__What needs to be done__. Could you retype the records word for word but without any pictures?

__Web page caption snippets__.
= = =

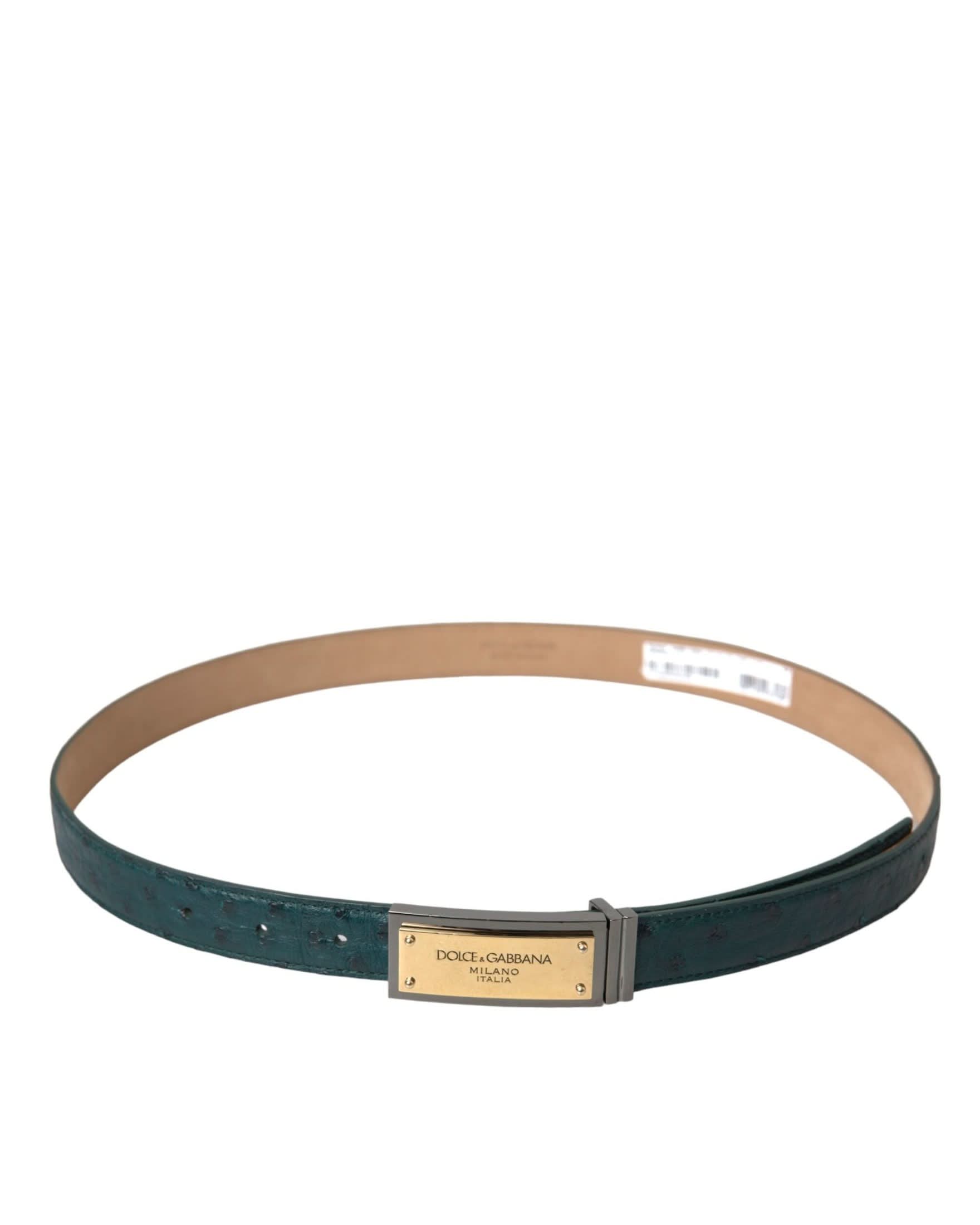 Dolce & Gabbana Green Leather Gold Logo Engraved Buckle Belt Belts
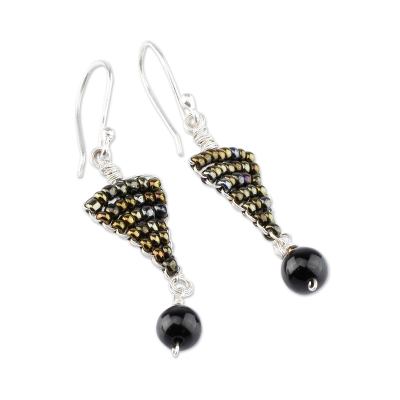 Obsidian dangle earrings, 'Andean Sophistication' - Artisan Crafted Sterling Silver and Obsidian Earrings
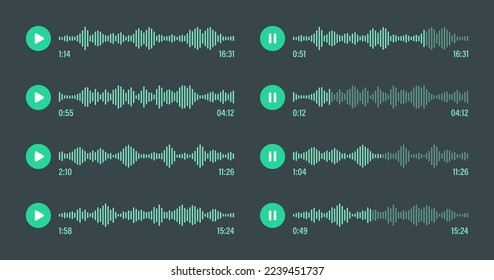 Voice message, social media chat conversation. Messaging app, music player, audio or video editor interface element. Voice assistant, recorder. Sound wave pattern. Dark mode. Vector illustration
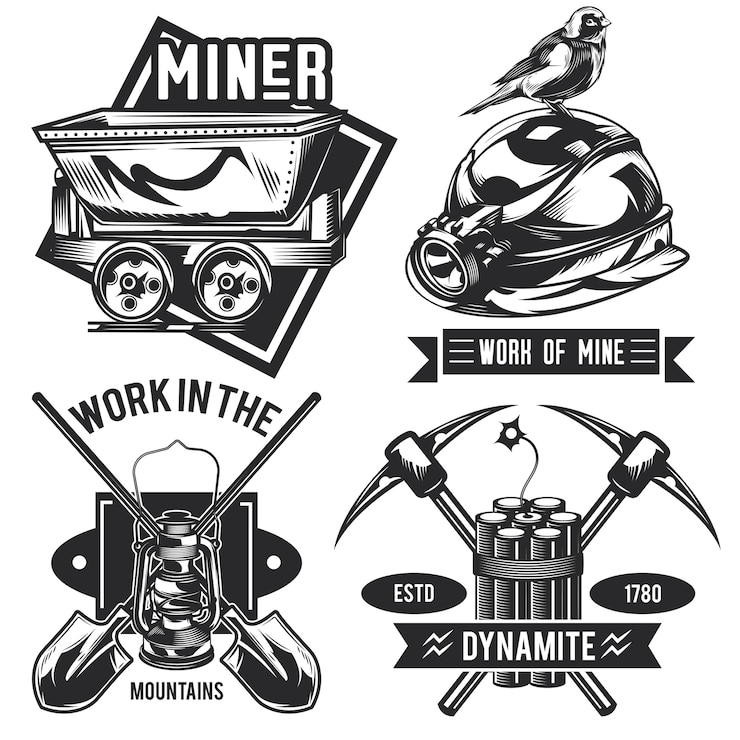 Vettore gratuito set di minatore emblemi, etichette, distintivi, loghi.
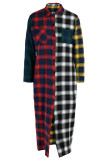Multi-color Plaid Print Patchwork Turndown Collar Shirt Dress Dresses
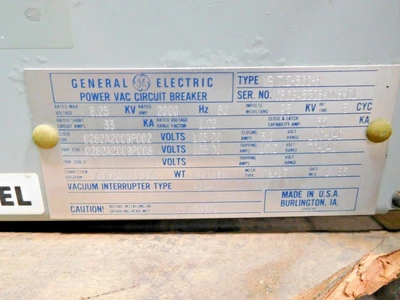 Used GE VB 7.2-500-3 Circuit Breakers Ohio US | Equipment Recovery Corp. #1330893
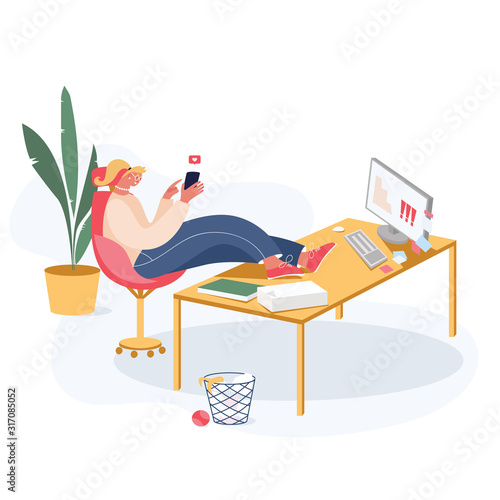 Woman procrastinating on the workplace. Worker surfing the Internet and wasting time concept. Vector isolated illustration with businesswoman resting and seating at his desk during working hours.
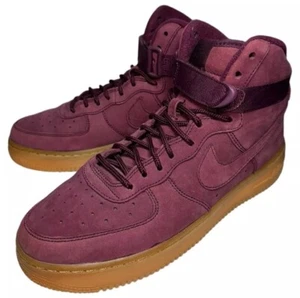 Nike Kids Size 7Y Bordeaux Burgundy Suede Air Force 1 High Sneakers 922066-600 - Picture 1 of 10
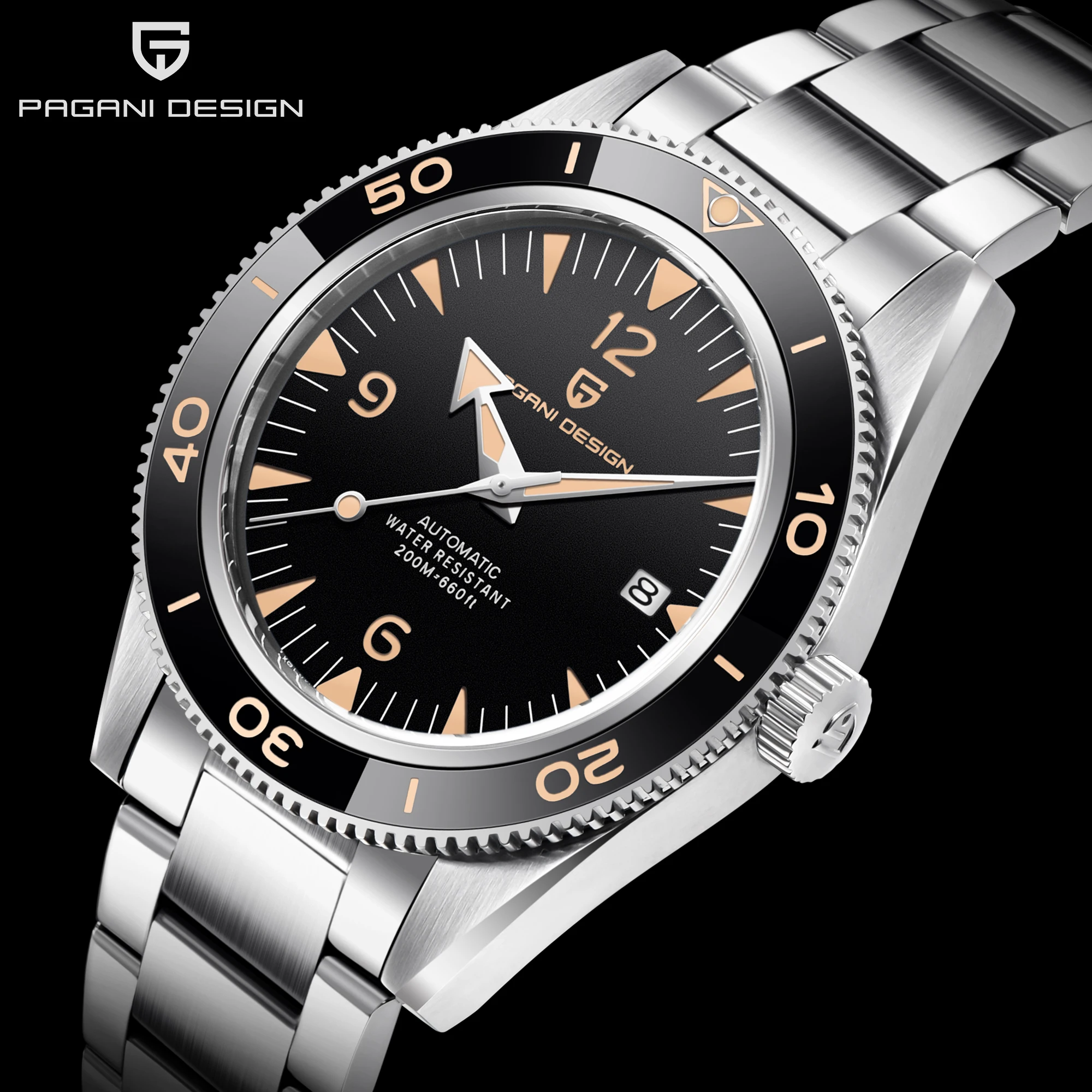 PAGANI DESIGN New Brand Watch Men's Mechanical Watch Stainless Steel Sapphire 200m Waterproof Clock Business Luxury Watch NH35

= = =

__Response to the exercise__.
 Dolce & Gabbana Green Leather Gold Logo Engraved Buckle Belt Belts
 Obsidian dangle earrings, 'Andean Sophistication' - Artisan Crafted Sterling Silver and Obsidian Earrings
 Voice message, social media chat conversation. Messaging app, music player, audio or video editor interface element. Voice assistant, recorder. Sound wave pattern. Dark mode. Vector illustration
 Vettore gratuito set di minatore emblemi, etichette, distintivi, loghi.
Multi-color Plaid Print Patchwork Turndown Collar Shirt Dress Dresses
 Used GE VB 7.2-500-3 Circuit Breakers Ohio US | Equipment Recovery Corp. #1330893
 Woman procrastinating on the workplace. Worker surfing the Internet and wasting time concept. Vector isolated illustration with businesswoman resting and seating at his desk during working hours.
 Nike Kids Size 7Y Bordeaux Burgundy Suede Air Force 1 High Sneakers 922066-600 - Picture 1 of 10
 PAGANI DESIGN New Brand Watch Men's Mechanical Watch Stainless Steel Sapphire 200m Waterproof Clock Business Luxury Watch NH35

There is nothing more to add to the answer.